Direct injection for gas chromatographic profiling of alcoholic beverages is usually preferable, but where spirits and liquors contain appreciable amounts of non-volatile material, some mode of pre-treatment may be required to avoid both inlet and column contamination. This consideration applies in particular to products aged for extended periods in wooden barrels and especially products containing added sugar, as volatile artefacts from sugar decomposition in the hot injection port can also complicate the chromatogram.

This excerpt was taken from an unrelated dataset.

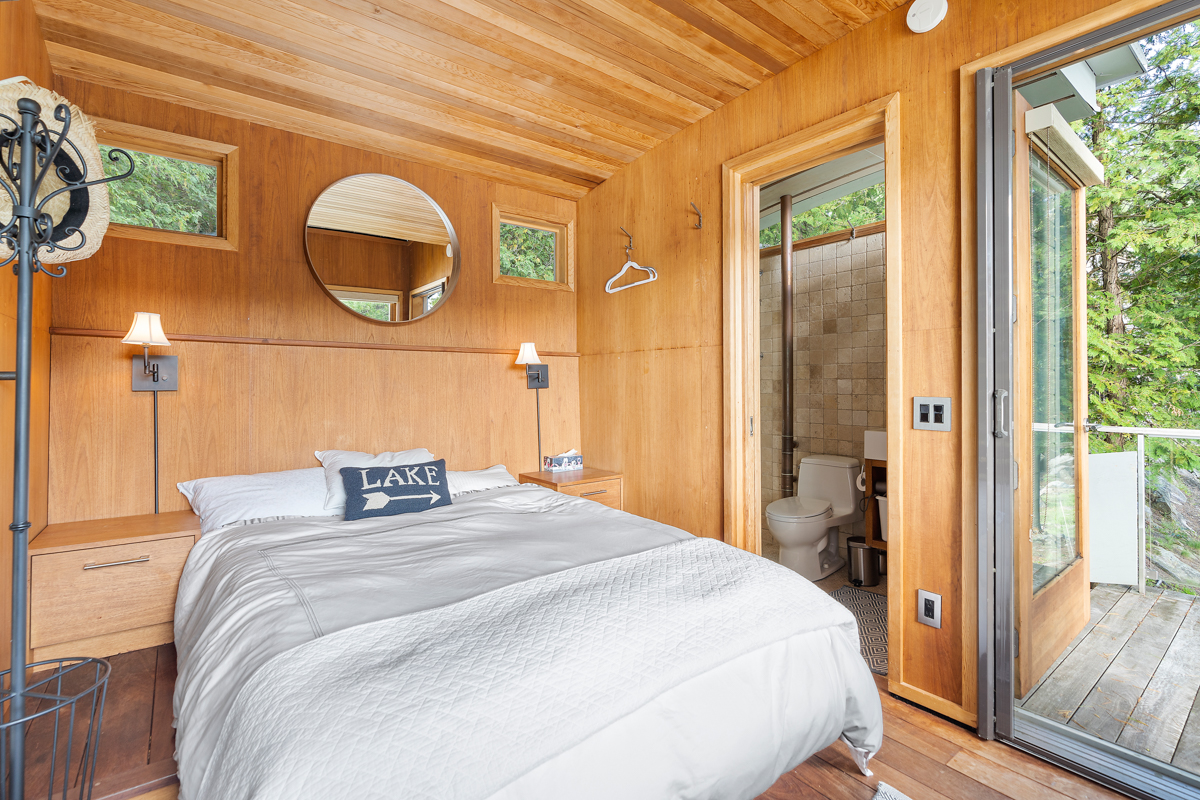 A large bed in a mall bunkie with wood-panelled walls.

In this paper a combination of static and dynamic headspace analysis is described for profi ling both abundant and trace compounds in these products. Static headspace is used with a tenax packed injection port liner for the abundant compounds. Dynamic headspace uses an additional purging step to a second tenax liner which can then be desorbed to the same injection port liner used for the simple static headspace. In this case the previous abundant compounds are overloaded in the chromatogram but many additional trace compounds are now apparent. For both techniques the only sample preparation required is dilution of the sample in a headspace vial and relevant automated sequences in either static or dynamic mode are also run from the same autosampler rail. A PTV injector in solvent vent mode is used in both cases for lowest detection limits. Application of this combined approach constitutes an effective routine analysis protocol for this particular class of products while avoiding dry extract contamination.

Dynamic Headspace (DHS)

Automated Dynamic Headspace (DHS) is available for the GERSTEL MultiPurpose Sampler (MPS). The DHS station efficiently extracts and concentrates VOCs from liquid or solid sample placed in standard Headspace vials (DHS) or in larger sample containers up to 1 L volume (DHSLarge). The sample is thermostated and agitated while the headspace is purged with a controlled flow of inert gas, providing controlled and efficient extraction conditions. Sample temperatures can be selected from 10oC to 200oC. Lowering the temperature provides a means of reducing the amount of water vapor released and ultimately retrapped. The DHS station additionally holds a replaceable adsorbent- or sorbent filled tube used for analyte concentration. The temperature of the adsorbent tube during the DHS process can be varied from 20oC to 70oC for optimal trapping of the analytes in question.